Alcohol, armas y omisión: riña a balazos vuelve a sembrar miedo en Tehuacán

La violencia armada volvió a hacerse presente en Tehuacán luego de que dos hombres fueran baleados en calles de Magdalena Cuayucatepec, junta auxiliar del municipio, en un hecho que generó pánico entre vecinos y transeúntes. El ataque ocurrió en plena vía pública y dejó en evidencia la facilidad con la que conflictos aparentemente menores escalan a agresiones con armas de fuego.

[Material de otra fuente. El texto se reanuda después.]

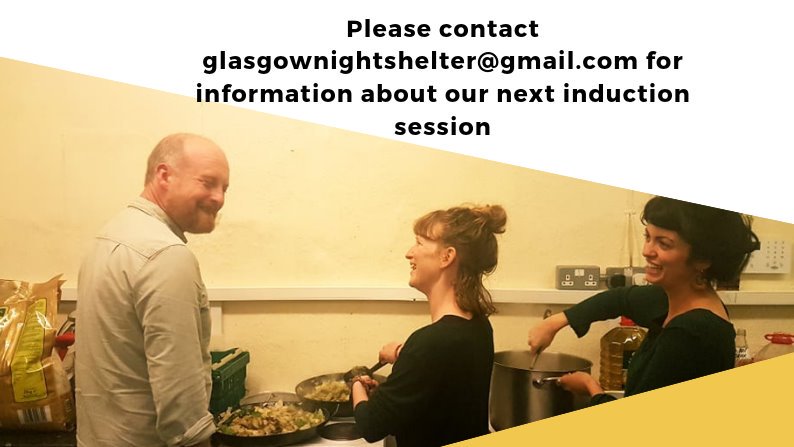 scotrefcouncil's tweet photo. Glasgow Night Shelter for destitute asylum seekers is looking for volunteers this winter, and will be hosting a volunteer info session and induction on Friday at 6pm.

Please contact @glasgowshelter for more information.

#DignityNotDestitution https://t.co/bC8WPj9rdh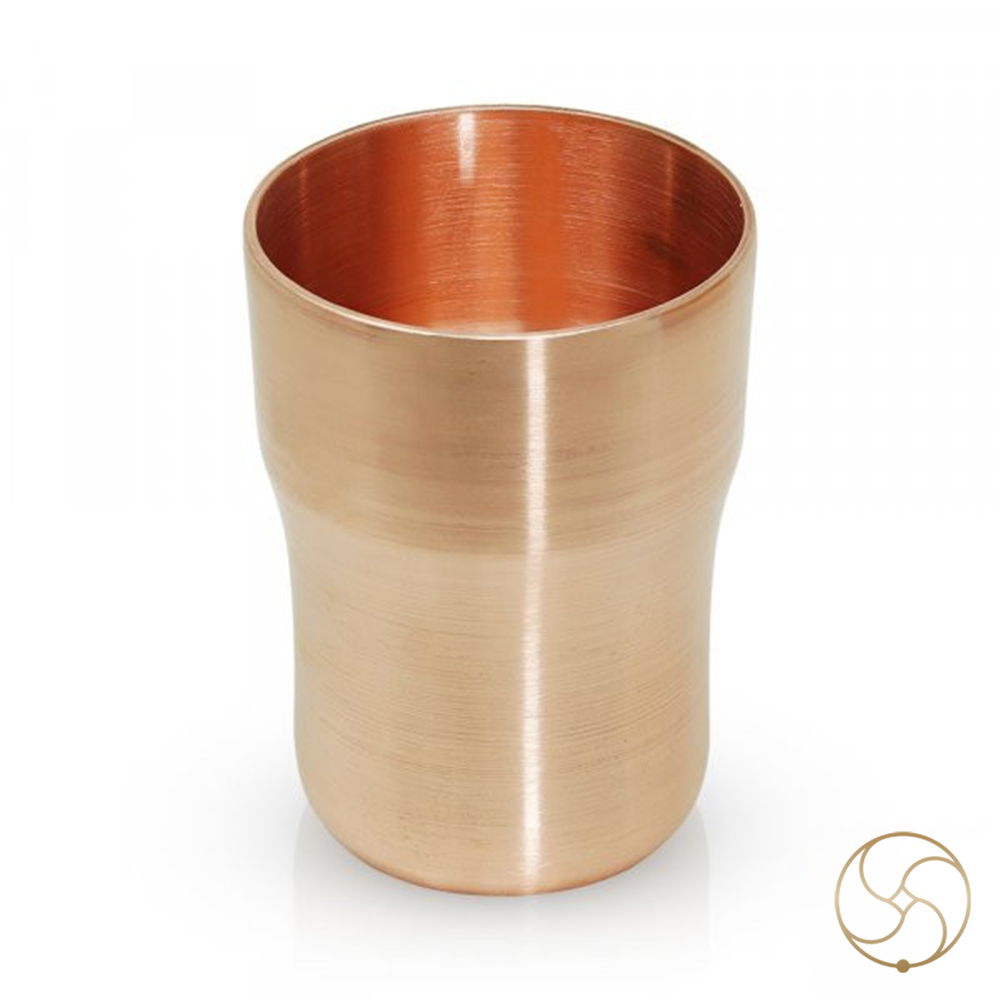 300ml 999 Nepaliya Copper Glass 383gm -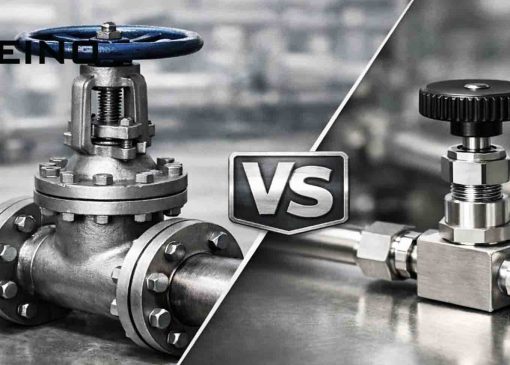 راهنمای تخصصی انتخاب شیرآلات صنعتی | تفاوت شیر کشویی و سوزنی در پروژه ‌های پایپینگ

De acuerdo con testimonios recabados en el lugar, varios hombres se encontraban ingiriendo bebidas alcohólicas a las afueras de un establecimiento cuando, tras una discusión provocada por el consumo de alcohol, uno de ellos sacó un arma y disparó contra dos personas. Los heridos quedaron tendidos sobre el pavimento, mientras quienes transitaban por la zona corrieron para resguardarse al escuchar las detonaciones.
La escena provocó momentos de pánico entre la población, que presenció cómo un espacio cotidiano se transformó en escenario de violencia. Más allá de tratarse de una riña, el hecho expone un problema mayor: la normalización del consumo de alcohol en espacios públicos sin supervisión, combinada con la circulación de armas de fuego, factores que convierten discusiones en ataques potencialmente mortales.
Aunque las autoridades informaron sobre la detención de un presunto responsable, la respuesta reactiva resulta insuficiente frente a un fenómeno que se repite con frecuencia en el municipio. En Tehuacán, los ataques armados relacionados con conflictos personales se han vuelto recurrentes, afectando la percepción de seguridad y la tranquilidad de las comunidades.
Clasificar estos hechos únicamente como “riñas” minimiza su gravedad y diluye la responsabilidad institucional de prevenir la violencia. La seguridad pública no puede limitarse a actuar después de los disparos; requiere vigilancia constante, control efectivo de factores de riesgo y acciones preventivas que eviten que el alcohol y las armas sigan marcando la vida cotidiana.
Mientras estos episodios continúen repitiéndose, la violencia seguirá siendo una amenaza latente en las calles de Tehuacán, con consecuencias que van más allá de los heridos y alcanzan a toda la comunidad.